#include <WiFi.h>
#include "ThingSpeak.h"
#include "secrets.h"
#include <DHTesp.h>
#include <tuple>
#define buzzer 2
#define red 12
#define green 13
#define yellow 14
#define white 5
#define DHT_PIN 15
unsigned long lastChangeTime = 0; // Milisegundos desde el último cambio
unsigned long myChannelNumber = SECRET_CH_ID;
const char * myWriteAPIKey = SECRET_WRITE_APIKEY;
char ssid[] = SECRET_SSID; // your network SSID (name)
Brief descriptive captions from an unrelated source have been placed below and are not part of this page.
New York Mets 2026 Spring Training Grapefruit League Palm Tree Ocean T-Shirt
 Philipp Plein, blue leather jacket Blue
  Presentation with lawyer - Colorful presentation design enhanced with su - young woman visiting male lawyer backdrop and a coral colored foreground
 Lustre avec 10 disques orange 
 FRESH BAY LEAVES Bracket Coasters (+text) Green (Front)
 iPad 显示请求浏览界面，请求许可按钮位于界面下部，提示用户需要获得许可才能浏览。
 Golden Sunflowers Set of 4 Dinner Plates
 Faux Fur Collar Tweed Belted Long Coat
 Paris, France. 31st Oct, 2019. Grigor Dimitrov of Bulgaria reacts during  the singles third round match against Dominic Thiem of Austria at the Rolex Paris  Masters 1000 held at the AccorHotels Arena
char pass[] = SECRET_PASS; // your network password
WiFiClient client;
DHTesp dhtSensor;
void sendData (int temp, int hum) {
ThingSpeak.setField(1, temp);
ThingSpeak.setField(2, hum);
int httpCode = ThingSpeak.writeFields(myChannelNumber, myWriteAPIKey);
if (httpCode == 200) {
Serial.println("Channel write successful.");
}
else {
Serial.println("Problem writing to channel. HTTP error code " + String(httpCode));
}
}
void sendCritico (int temp, int hum) {
ThingSpeak.setField(1, temp);
ThingSpeak.setField(2, hum);
int httpCode = ThingSpeak.writeFields(myChannelNumber, myWriteAPIKey);
if (httpCode == 200) {
Serial.println("Channel write successful.");
}
else {
Serial.println("Problem writing to channel. HTTP error code " + String(httpCode));
}
}
std::tuple<float, float> handleResponse()
{
TempAndHumidity data = dhtSensor.getTempAndHumidity();
float temperature = (data.temperature);
float humidity = (data.humidity);
return std::make_tuple(temperature, humidity);
}
//Initialize the LCD display
void setup() {
// Debug console
Serial.begin(115200);
pinMode(buzzer, OUTPUT);
pinMode(green, OUTPUT);
pinMode(red, OUTPUT);
pinMode(yellow, OUTPUT);
pinMode(white, OUTPUT);
delay(100);
dhtSensor.setup(DHT_PIN, DHTesp::DHT22); // 11 es físico
WiFi.mode(WIFI_STA);
ThingSpeak.begin(client);
lastChangeTime = millis(); // Reiniciar el tiempo del último cambio
}
void loop() {
int interval = 120000;
TempAndHumidity data = dhtSensor.getTempAndHumidity();
float humidity = (data.humidity);
float temperature = (data.temperature);
int value1 = temperature;
int value2 = humidity;
Serial.println(value1);
value1 = map(value1, 0, 4095, 0, 100);
//4095 = 100
//2047 = 50
Serial.println("Valor del Map1: ");
Serial.println(value1);
Serial.println(value2);
value2 = map(value2, 0, 4095, 0, 100);
//4095 = 100
//2047 = 50
Serial.println("Valor del Map2: ");
Serial.println(value2);
//Humidity conditions
if (value2 < 40){
digitalWrite(white, HIGH);
}
if (value2 >= 40 && value2 <= 70){
digitalWrite(white, HIGH);
delay(2000);
digitalWrite(white, LOW);
delay(2000);
digitalWrite(white, HIGH);
delay(2000);
}
if (value2 > 70){
digitalWrite(white, LOW);
}
//Temp conditions
if (value1 <= 28){
digitalWrite(red, LOW);
digitalWrite(green, HIGH);
digitalWrite(yellow, LOW);
}
if (value1 > 28 && value1 <= 35){
digitalWrite(red, HIGH);
digitalWrite(green, HIGH);
digitalWrite(yellow, LOW);
}
if (value1 > 35){
digitalWrite(red, HIGH);
digitalWrite(green, LOW);
digitalWrite(yellow, LOW);
}
//Ahorro Energético
if (millis() - lastChangeTime > interval) {
digitalWrite(red, LOW);
digitalWrite(green, LOW);
digitalWrite(yellow, LOW);
digitalWrite(white, LOW);
} // Verificar tiempo transcurrido para ahorro
//Modo Crítico
if (value2 < 20 && value1 > 40){
sendCritico(temp,hum);
digitalWrite(buzzer, HIGH);
tone(buzzer, 100);
digitalWrite(white, HIGH);
digitalWrite(red, HIGH);
delay(1000);
digitalWrite(white, LOW);
digitalWrite(red, LOW);
delay(1000);
digitalWrite(white, HIGH);
digitalWrite(red, HIGH);
delay(1000);
} else{
digitalWrite(buzzer, LOW);
}
//Thingspeak
// Connect or reconnect to WiFi
if (WiFi.status() != WL_CONNECTED) {
Serial.print("Attempting to connect to SSID: ");
Serial.println(SECRET_SSID);
while (WiFi.status() != WL_CONNECTED) {
WiFi.begin(ssid, pass); // Connect to WPA/WPA2 network. Change this line if using open or WEP network
Serial.print(".");
delay(5000);
}
Serial.println("\nConnected.");
}
auto [temp, hum] = handleResponse();
sendData(temp,hum);
}